-- EXERCISE GOAL --
Print nothing but the lines below starting at the line that holds "คำสอน พระพุทธเจ้า มหาศาสดาโลก" and ending at the line that holds "Freya taupe 3", including both, each exactly as written.

-- EXTRACTED RECORDS --
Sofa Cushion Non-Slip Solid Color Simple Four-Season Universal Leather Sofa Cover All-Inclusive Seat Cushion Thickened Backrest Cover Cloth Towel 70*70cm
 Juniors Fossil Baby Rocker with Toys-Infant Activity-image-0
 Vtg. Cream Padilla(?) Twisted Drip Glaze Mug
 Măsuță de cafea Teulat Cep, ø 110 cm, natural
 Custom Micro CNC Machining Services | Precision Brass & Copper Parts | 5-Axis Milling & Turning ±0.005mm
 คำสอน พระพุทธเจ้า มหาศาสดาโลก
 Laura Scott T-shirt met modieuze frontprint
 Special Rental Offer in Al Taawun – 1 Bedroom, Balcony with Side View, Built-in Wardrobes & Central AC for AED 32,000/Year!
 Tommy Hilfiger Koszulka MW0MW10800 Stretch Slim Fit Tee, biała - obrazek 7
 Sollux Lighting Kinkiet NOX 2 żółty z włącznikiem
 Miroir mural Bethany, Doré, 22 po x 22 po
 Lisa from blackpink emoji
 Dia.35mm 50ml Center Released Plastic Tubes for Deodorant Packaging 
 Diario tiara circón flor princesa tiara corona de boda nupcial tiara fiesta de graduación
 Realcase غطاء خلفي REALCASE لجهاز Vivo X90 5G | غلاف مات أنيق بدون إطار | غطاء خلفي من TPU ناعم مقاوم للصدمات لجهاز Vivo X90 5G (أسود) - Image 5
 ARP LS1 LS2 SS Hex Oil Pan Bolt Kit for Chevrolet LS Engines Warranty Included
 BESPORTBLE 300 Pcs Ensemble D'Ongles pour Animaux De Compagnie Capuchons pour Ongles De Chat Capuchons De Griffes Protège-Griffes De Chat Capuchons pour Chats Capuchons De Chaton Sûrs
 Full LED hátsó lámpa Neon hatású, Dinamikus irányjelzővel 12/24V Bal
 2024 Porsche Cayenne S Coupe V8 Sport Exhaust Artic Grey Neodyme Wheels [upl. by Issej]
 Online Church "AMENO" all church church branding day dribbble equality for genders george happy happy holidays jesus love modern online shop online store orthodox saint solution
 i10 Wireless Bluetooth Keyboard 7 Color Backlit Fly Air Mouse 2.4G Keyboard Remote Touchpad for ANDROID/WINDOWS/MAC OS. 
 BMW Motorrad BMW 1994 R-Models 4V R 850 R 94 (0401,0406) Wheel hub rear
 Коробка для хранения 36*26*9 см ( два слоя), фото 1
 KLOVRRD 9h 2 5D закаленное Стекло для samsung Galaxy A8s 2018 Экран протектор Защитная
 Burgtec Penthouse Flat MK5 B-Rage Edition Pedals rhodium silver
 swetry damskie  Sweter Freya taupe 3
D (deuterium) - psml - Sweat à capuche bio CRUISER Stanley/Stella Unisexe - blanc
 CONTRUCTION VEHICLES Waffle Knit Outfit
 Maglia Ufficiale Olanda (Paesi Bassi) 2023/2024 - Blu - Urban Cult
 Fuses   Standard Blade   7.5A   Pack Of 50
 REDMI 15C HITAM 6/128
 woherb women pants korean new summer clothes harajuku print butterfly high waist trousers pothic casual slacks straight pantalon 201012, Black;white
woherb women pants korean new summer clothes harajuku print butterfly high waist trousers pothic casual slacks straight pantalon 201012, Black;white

-- THE COMPLETED TASK --
 คำสอน พระพุทธเจ้า มหาศาสดาโลก
 Laura Scott T-shirt met modieuze frontprint
 Special Rental Offer in Al Taawun – 1 Bedroom, Balcony with Side View, Built-in Wardrobes & Central AC for AED 32,000/Year!
 Tommy Hilfiger Koszulka MW0MW10800 Stretch Slim Fit Tee, biała - obrazek 7
 Sollux Lighting Kinkiet NOX 2 żółty z włącznikiem
 Miroir mural Bethany, Doré, 22 po x 22 po
 Lisa from blackpink emoji
 Dia.35mm 50ml Center Released Plastic Tubes for Deodorant Packaging 
 Diario tiara circón flor princesa tiara corona de boda nupcial tiara fiesta de graduación
 Realcase غطاء خلفي REALCASE لجهاز Vivo X90 5G | غلاف مات أنيق بدون إطار | غطاء خلفي من TPU ناعم مقاوم للصدمات لجهاز Vivo X90 5G (أسود) - Image 5
 ARP LS1 LS2 SS Hex Oil Pan Bolt Kit for Chevrolet LS Engines Warranty Included
 BESPORTBLE 300 Pcs Ensemble D'Ongles pour Animaux De Compagnie Capuchons pour Ongles De Chat Capuchons De Griffes Protège-Griffes De Chat Capuchons pour Chats Capuchons De Chaton Sûrs
 Full LED hátsó lámpa Neon hatású, Dinamikus irányjelzővel 12/24V Bal
 2024 Porsche Cayenne S Coupe V8 Sport Exhaust Artic Grey Neodyme Wheels [upl. by Issej]
 Online Church "AMENO" all church church branding day dribbble equality for genders george happy happy holidays jesus love modern online shop online store orthodox saint solution
 i10 Wireless Bluetooth Keyboard 7 Color Backlit Fly Air Mouse 2.4G Keyboard Remote Touchpad for ANDROID/WINDOWS/MAC OS. 
 BMW Motorrad BMW 1994 R-Models 4V R 850 R 94 (0401,0406) Wheel hub rear
 Коробка для хранения 36*26*9 см ( два слоя), фото 1
 KLOVRRD 9h 2 5D закаленное Стекло для samsung Galaxy A8s 2018 Экран протектор Защитная
 Burgtec Penthouse Flat MK5 B-Rage Edition Pedals rhodium silver
 swetry damskie  Sweter Freya taupe 3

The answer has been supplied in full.